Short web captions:
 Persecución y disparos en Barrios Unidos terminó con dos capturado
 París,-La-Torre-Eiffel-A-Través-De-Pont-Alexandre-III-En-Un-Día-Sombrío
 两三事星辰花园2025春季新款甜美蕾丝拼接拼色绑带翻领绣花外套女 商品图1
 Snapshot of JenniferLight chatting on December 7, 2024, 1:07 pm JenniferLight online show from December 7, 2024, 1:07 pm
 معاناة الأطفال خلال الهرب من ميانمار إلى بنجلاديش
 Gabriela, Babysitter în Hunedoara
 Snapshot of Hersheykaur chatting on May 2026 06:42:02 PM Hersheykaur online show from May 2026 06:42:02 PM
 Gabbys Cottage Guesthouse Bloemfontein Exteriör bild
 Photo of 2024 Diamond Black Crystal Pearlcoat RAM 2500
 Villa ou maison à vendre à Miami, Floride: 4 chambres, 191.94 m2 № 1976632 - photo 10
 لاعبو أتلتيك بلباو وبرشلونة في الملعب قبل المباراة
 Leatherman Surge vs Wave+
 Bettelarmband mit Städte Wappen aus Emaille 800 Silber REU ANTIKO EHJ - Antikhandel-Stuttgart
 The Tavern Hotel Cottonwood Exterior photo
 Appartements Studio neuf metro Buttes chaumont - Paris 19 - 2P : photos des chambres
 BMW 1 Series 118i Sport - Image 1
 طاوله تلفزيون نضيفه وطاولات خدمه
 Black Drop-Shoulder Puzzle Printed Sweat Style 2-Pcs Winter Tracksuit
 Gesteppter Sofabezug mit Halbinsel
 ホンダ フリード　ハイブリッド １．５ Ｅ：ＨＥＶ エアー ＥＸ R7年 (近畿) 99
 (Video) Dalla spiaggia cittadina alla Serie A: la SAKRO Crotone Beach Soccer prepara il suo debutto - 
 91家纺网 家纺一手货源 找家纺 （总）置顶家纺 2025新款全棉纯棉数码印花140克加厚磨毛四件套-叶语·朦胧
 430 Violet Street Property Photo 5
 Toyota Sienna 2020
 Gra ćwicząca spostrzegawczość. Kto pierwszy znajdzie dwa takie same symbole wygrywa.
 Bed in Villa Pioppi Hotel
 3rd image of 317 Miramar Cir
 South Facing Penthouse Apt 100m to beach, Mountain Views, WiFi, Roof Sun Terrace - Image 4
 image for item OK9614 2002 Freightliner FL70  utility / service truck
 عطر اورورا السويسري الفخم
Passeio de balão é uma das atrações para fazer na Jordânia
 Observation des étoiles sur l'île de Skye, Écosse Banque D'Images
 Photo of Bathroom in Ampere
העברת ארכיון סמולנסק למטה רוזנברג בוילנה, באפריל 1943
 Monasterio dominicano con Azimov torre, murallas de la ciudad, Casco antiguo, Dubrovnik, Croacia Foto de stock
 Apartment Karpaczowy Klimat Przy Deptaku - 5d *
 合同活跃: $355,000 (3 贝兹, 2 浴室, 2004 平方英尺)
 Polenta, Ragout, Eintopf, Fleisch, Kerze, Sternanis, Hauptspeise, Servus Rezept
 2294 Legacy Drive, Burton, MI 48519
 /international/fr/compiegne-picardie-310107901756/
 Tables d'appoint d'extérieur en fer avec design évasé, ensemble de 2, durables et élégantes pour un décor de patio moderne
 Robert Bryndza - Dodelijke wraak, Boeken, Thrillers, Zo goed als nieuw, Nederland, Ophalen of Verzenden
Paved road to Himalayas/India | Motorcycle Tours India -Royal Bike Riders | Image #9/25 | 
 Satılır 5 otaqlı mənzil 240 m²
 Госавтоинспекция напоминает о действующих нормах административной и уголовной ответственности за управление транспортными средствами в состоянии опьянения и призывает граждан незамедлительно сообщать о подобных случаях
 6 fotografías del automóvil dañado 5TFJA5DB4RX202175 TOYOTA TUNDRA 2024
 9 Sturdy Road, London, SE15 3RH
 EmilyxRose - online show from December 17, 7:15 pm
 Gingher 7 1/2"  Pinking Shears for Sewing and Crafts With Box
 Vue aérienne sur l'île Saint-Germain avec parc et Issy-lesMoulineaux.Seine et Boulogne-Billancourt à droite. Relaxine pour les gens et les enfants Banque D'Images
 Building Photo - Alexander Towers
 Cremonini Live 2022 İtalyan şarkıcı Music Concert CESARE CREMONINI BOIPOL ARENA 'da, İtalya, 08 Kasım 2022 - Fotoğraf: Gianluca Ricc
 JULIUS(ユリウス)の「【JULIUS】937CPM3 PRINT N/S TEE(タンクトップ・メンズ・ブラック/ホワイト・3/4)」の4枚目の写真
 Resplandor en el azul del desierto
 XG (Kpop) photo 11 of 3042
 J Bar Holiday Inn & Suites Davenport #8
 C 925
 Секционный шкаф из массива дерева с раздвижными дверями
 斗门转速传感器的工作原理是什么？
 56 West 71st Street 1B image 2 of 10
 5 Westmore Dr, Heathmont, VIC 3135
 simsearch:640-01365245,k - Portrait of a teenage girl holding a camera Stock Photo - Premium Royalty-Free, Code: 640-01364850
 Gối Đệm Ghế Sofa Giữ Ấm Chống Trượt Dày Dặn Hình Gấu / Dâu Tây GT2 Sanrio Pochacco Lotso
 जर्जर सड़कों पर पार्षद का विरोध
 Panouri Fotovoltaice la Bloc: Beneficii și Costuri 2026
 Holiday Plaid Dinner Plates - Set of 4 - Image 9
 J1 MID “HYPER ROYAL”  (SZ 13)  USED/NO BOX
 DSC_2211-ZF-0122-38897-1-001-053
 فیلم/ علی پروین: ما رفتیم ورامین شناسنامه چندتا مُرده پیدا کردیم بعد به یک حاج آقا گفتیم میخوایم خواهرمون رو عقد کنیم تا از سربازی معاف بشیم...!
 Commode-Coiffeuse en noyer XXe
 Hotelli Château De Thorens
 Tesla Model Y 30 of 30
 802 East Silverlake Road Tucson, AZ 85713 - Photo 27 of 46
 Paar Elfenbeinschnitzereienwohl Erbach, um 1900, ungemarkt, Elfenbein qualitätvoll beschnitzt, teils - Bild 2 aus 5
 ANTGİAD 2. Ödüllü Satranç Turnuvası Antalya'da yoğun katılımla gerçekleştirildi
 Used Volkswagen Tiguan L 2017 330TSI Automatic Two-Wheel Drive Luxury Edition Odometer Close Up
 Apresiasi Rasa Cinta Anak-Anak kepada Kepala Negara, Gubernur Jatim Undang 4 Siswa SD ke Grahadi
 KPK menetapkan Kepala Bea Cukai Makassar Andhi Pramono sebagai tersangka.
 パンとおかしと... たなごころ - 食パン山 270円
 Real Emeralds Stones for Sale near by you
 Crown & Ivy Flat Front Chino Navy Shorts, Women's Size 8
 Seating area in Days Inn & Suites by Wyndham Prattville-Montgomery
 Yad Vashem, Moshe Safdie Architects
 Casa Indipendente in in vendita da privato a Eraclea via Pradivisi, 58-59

Exercise details: Restate the data in full so that no line differs from the original.

Answer space:
 Persecución y disparos en Barrios Unidos terminó con dos capturado
 París,-La-Torre-Eiffel-A-Través-De-Pont-Alexandre-III-En-Un-Día-Sombrío
 两三事星辰花园2025春季新款甜美蕾丝拼接拼色绑带翻领绣花外套女 商品图1
 Snapshot of JenniferLight chatting on December 7, 2024, 1:07 pm JenniferLight online show from December 7, 2024, 1:07 pm
 معاناة الأطفال خلال الهرب من ميانمار إلى بنجلاديش
 Gabriela, Babysitter în Hunedoara
 Snapshot of Hersheykaur chatting on May 2026 06:42:02 PM Hersheykaur online show from May 2026 06:42:02 PM
 Gabbys Cottage Guesthouse Bloemfontein Exteriör bild
 Photo of 2024 Diamond Black Crystal Pearlcoat RAM 2500
 Villa ou maison à vendre à Miami, Floride: 4 chambres, 191.94 m2 № 1976632 - photo 10
 لاعبو أتلتيك بلباو وبرشلونة في الملعب قبل المباراة
 Leatherman Surge vs Wave+
 Bettelarmband mit Städte Wappen aus Emaille 800 Silber REU ANTIKO EHJ - Antikhandel-Stuttgart
 The Tavern Hotel Cottonwood Exterior photo
 Appartements Studio neuf metro Buttes chaumont - Paris 19 - 2P : photos des chambres
 BMW 1 Series 118i Sport - Image 1
 طاوله تلفزيون نضيفه وطاولات خدمه
 Black Drop-Shoulder Puzzle Printed Sweat Style 2-Pcs Winter Tracksuit
 Gesteppter Sofabezug mit Halbinsel
 ホンダ フリード　ハイブリッド １．５ Ｅ：ＨＥＶ エアー ＥＸ R7年 (近畿) 99
 (Video) Dalla spiaggia cittadina alla Serie A: la SAKRO Crotone Beach Soccer prepara il suo debutto - 
 91家纺网 家纺一手货源 找家纺 （总）置顶家纺 2025新款全棉纯棉数码印花140克加厚磨毛四件套-叶语·朦胧
 430 Violet Street Property Photo 5
 Toyota Sienna 2020
 Gra ćwicząca spostrzegawczość. Kto pierwszy znajdzie dwa takie same symbole wygrywa.
 Bed in Villa Pioppi Hotel
 3rd image of 317 Miramar Cir
 South Facing Penthouse Apt 100m to beach, Mountain Views, WiFi, Roof Sun Terrace - Image 4
 image for item OK9614 2002 Freightliner FL70  utility / service truck
 عطر اورورا السويسري الفخم
Passeio de balão é uma das atrações para fazer na Jordânia
 Observation des étoiles sur l'île de Skye, Écosse Banque D'Images
 Photo of Bathroom in Ampere
העברת ארכיון סמולנסק למטה רוזנברג בוילנה, באפריל 1943
 Monasterio dominicano con Azimov torre, murallas de la ciudad, Casco antiguo, Dubrovnik, Croacia Foto de stock
 Apartment Karpaczowy Klimat Przy Deptaku - 5d *
 合同活跃: $355,000 (3 贝兹, 2 浴室, 2004 平方英尺)
 Polenta, Ragout, Eintopf, Fleisch, Kerze, Sternanis, Hauptspeise, Servus Rezept
 2294 Legacy Drive, Burton, MI 48519
 /international/fr/compiegne-picardie-310107901756/
 Tables d'appoint d'extérieur en fer avec design évasé, ensemble de 2, durables et élégantes pour un décor de patio moderne
 Robert Bryndza - Dodelijke wraak, Boeken, Thrillers, Zo goed als nieuw, Nederland, Ophalen of Verzenden
Paved road to Himalayas/India | Motorcycle Tours India -Royal Bike Riders | Image #9/25 | 
 Satılır 5 otaqlı mənzil 240 m²
 Госавтоинспекция напоминает о действующих нормах административной и уголовной ответственности за управление транспортными средствами в состоянии опьянения и призывает граждан незамедлительно сообщать о подобных случаях
 6 fotografías del automóvil dañado 5TFJA5DB4RX202175 TOYOTA TUNDRA 2024
 9 Sturdy Road, London, SE15 3RH
 EmilyxRose - online show from December 17, 7:15 pm
 Gingher 7 1/2"  Pinking Shears for Sewing and Crafts With Box
 Vue aérienne sur l'île Saint-Germain avec parc et Issy-lesMoulineaux.Seine et Boulogne-Billancourt à droite. Relaxine pour les gens et les enfants Banque D'Images
 Building Photo - Alexander Towers
 Cremonini Live 2022 İtalyan şarkıcı Music Concert CESARE CREMONINI BOIPOL ARENA 'da, İtalya, 08 Kasım 2022 - Fotoğraf: Gianluca Ricc
 JULIUS(ユリウス)の「【JULIUS】937CPM3 PRINT N/S TEE(タンクトップ・メンズ・ブラック/ホワイト・3/4)」の4枚目の写真
 Resplandor en el azul del desierto
 XG (Kpop) photo 11 of 3042
 J Bar Holiday Inn & Suites Davenport #8
 C 925
 Секционный шкаф из массива дерева с раздвижными дверями
 斗门转速传感器的工作原理是什么？
 56 West 71st Street 1B image 2 of 10
 5 Westmore Dr, Heathmont, VIC 3135
 simsearch:640-01365245,k - Portrait of a teenage girl holding a camera Stock Photo - Premium Royalty-Free, Code: 640-01364850
 Gối Đệm Ghế Sofa Giữ Ấm Chống Trượt Dày Dặn Hình Gấu / Dâu Tây GT2 Sanrio Pochacco Lotso
 जर्जर सड़कों पर पार्षद का विरोध
 Panouri Fotovoltaice la Bloc: Beneficii și Costuri 2026
 Holiday Plaid Dinner Plates - Set of 4 - Image 9
 J1 MID “HYPER ROYAL”  (SZ 13)  USED/NO BOX
 DSC_2211-ZF-0122-38897-1-001-053
 فیلم/ علی پروین: ما رفتیم ورامین شناسنامه چندتا مُرده پیدا کردیم بعد به یک حاج آقا گفتیم میخوایم خواهرمون رو عقد کنیم تا از سربازی معاف بشیم...!
 Commode-Coiffeuse en noyer XXe
 Hotelli Château De Thorens
 Tesla Model Y 30 of 30
 802 East Silverlake Road Tucson, AZ 85713 - Photo 27 of 46
 Paar Elfenbeinschnitzereienwohl Erbach, um 1900, ungemarkt, Elfenbein qualitätvoll beschnitzt, teils - Bild 2 aus 5
 ANTGİAD 2. Ödüllü Satranç Turnuvası Antalya'da yoğun katılımla gerçekleştirildi
 Used Volkswagen Tiguan L 2017 330TSI Automatic Two-Wheel Drive Luxury Edition Odometer Close Up
 Apresiasi Rasa Cinta Anak-Anak kepada Kepala Negara, Gubernur Jatim Undang 4 Siswa SD ke Grahadi
 KPK menetapkan Kepala Bea Cukai Makassar Andhi Pramono sebagai tersangka.
 パンとおかしと... たなごころ - 食パン山 270円
 Real Emeralds Stones for Sale near by you
 Crown & Ivy Flat Front Chino Navy Shorts, Women's Size 8
 Seating area in Days Inn & Suites by Wyndham Prattville-Montgomery
 Yad Vashem, Moshe Safdie Architects
 Casa Indipendente in in vendita da privato a Eraclea via Pradivisi, 58-59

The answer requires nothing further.